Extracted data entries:
[Start of section]

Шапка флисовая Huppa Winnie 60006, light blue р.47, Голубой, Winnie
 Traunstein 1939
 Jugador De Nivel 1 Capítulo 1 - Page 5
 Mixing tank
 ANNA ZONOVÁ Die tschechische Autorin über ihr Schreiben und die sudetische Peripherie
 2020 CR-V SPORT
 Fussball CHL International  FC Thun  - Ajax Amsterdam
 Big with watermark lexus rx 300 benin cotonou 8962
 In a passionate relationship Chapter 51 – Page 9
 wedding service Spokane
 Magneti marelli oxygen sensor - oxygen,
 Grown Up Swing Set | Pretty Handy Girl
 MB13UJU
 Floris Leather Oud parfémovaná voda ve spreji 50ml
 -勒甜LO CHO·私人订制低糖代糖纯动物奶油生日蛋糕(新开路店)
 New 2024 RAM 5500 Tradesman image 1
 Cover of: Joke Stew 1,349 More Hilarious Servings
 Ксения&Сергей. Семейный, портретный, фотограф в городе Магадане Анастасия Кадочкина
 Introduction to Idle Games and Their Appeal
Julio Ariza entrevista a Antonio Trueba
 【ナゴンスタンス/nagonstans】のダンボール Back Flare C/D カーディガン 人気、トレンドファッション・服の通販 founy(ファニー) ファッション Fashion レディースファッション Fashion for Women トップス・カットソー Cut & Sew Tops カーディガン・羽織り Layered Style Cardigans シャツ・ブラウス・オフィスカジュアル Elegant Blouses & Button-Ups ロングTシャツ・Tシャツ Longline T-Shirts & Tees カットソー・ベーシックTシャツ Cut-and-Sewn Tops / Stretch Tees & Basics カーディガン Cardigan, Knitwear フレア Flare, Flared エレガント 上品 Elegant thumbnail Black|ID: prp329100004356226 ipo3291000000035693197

[End of section]

- [Try it] The lines above should be printed again, exactly as they are.

- [Response to this task]
Шапка флисовая Huppa Winnie 60006, light blue р.47, Голубой, Winnie
 Traunstein 1939
 Jugador De Nivel 1 Capítulo 1 - Page 5
 Mixing tank
 ANNA ZONOVÁ Die tschechische Autorin über ihr Schreiben und die sudetische Peripherie
 2020 CR-V SPORT
 Fussball CHL International  FC Thun  - Ajax Amsterdam
 Big with watermark lexus rx 300 benin cotonou 8962
 In a passionate relationship Chapter 51 – Page 9
 wedding service Spokane
 Magneti marelli oxygen sensor - oxygen,
 Grown Up Swing Set | Pretty Handy Girl
 MB13UJU
 Floris Leather Oud parfémovaná voda ve spreji 50ml
 -勒甜LO CHO·私人订制低糖代糖纯动物奶油生日蛋糕(新开路店)
 New 2024 RAM 5500 Tradesman image 1
 Cover of: Joke Stew 1,349 More Hilarious Servings
 Ксения&Сергей. Семейный, портретный, фотограф в городе Магадане Анастасия Кадочкина
 Introduction to Idle Games and Their Appeal
Julio Ariza entrevista a Antonio Trueba
 【ナゴンスタンス/nagonstans】のダンボール Back Flare C/D カーディガン 人気、トレンドファッション・服の通販 founy(ファニー) ファッション Fashion レディースファッション Fashion for Women トップス・カットソー Cut & Sew Tops カーディガン・羽織り Layered Style Cardigans シャツ・ブラウス・オフィスカジュアル Elegant Blouses & Button-Ups ロングTシャツ・Tシャツ Longline T-Shirts & Tees カットソー・ベーシックTシャツ Cut-and-Sewn Tops / Stretch Tees & Basics カーディガン Cardigan, Knitwear フレア Flare, Flared エレガント 上品 Elegant thumbnail Black|ID: prp329100004356226 ipo3291000000035693197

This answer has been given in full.